Dos personas le dicen a Dios, al Estado y a sus parientes y amigos –a todos, en definitiva- que se quieren y piensan seguir juntas hasta que se mueran. Encima lo festejan y se gastan una fortuna en la celebración. Como para que les quede claro.
No se van a convivir para ver cómo les va, no se suben a la cuerda floja (y vaya si está floja: no por ellos, sino por toda la sociedad) discretamente y casi con vergüenza, protegidos por una cortina de discreción que los oculte si el experimento no funciona. Lo hacen en público, a la vista de todos.
Contra la demolición programada de la institución del matrimonio, la volatilidad de los afectos posmodernos, la proliferación de las identidades de género, la crisis del capitalismo, el calentamiento global, la sobrepoblación, la precarización, la globalización depredadora, el ajuste, dos tipos hacen pública su voluntad de permanecer unidos no a un ideal, a una lucha o a una causa (es decir, cosas que pueden seguir siendo iguales a sí mismas) sino… al otro. A otra persona. Las personas cambian. Un riesgo altísimo.
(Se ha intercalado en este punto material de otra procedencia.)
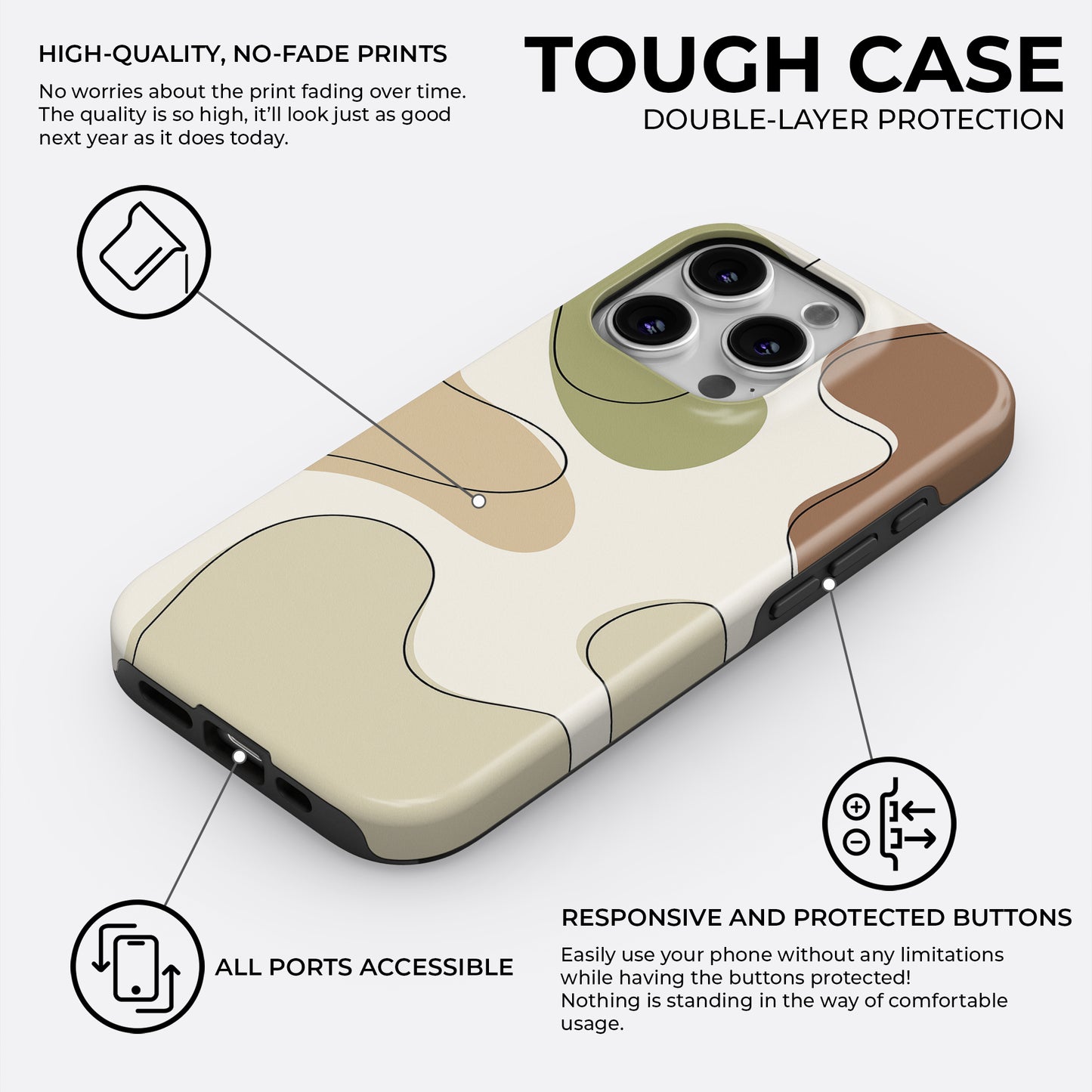 Earth tone abstract iPhone tough case with beige, brown and green design, double-layer protection and high-quality no-fade print by HaloCovers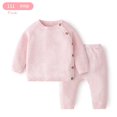 thumbnail image 5 of Baby Knitting Autumn Winter Clothes Set Solid Color Cotton Infant Long Sleeve Sweater Top and Trousers 2pcs Outfits, 5 of 17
Además se proponen tener hijos, asunto que probablemente aumente la irreversibilidad de la decisión. Intuyen -porque no lo saben a ciencia cierta, no pueden saberlo- que lo que les espera va a ser duro. Un aprendizaje mutuo en la convivencia diaria. Dificultades de todo tipo. Un ambiente hostil que no favorece los compromisos definitivos, que erosiona el entusiasmo y la esperanza. Que conspira abiertamente contra la educación de los hijos.

Y sin embargo festejan como si hubieran conseguido algo. Raro ¿no? Aunque -la verdad sea dicha- no veo mejor manera de iniciar una empresa tan complicada.Parece que hicieran todo a contramano, en dirección opuesta a las tendencias y el contexto. El tan recurrido sentido comúnes un aliado engañoso.

En otros tiempos, a esto se le llamaba rebeldía. Es una sublevación discreta, sin gritos, estridencias ni estampidos. ¿Podrá ser algo más?

Toda revolución procura no solamente cambiar los sistemas y las estructuras. Busca transformar al hombre, hacerlo bueno, porque se sabe que la sociedad no cambia si no lo hacen sus integrantes. Pero fracasa invariablemente: al hombre no se lo transforma por medio de la violencia.

La promesa del hombre nuevo ha sido arrojada al basurero de la historia. El hombre es más o menos el mismo de siempre. Un ser lleno de miserias pero con capacidades de aprender y superarse. Esas capacidades se estimulan y potencian en condiciones muy específicas de crianza y educación. Esas condiciones se han vuelto extremadamente raras, precarias.

Hace un tiempo oí en un telefilme policial francés que “la revolución del amor es la única que no traiciona al hombre”. Decían que la frase era de Juan Pablo II. No he podido encontrarla en los textos que aparecen en la web.Haya sido su autor o no, expresa una verdad profunda.

En otros tiempos, la institución matrimonial constituía un fenómeno de reproducción sociocultural, de integración a un cuerpo social con unas reglas sólidas y bien establecidas, compartidas por todos, o casi.Hoy ha pasado a ser una forma de insubordinación fundacional, la estrategia constitutiva de una sociedad mejor.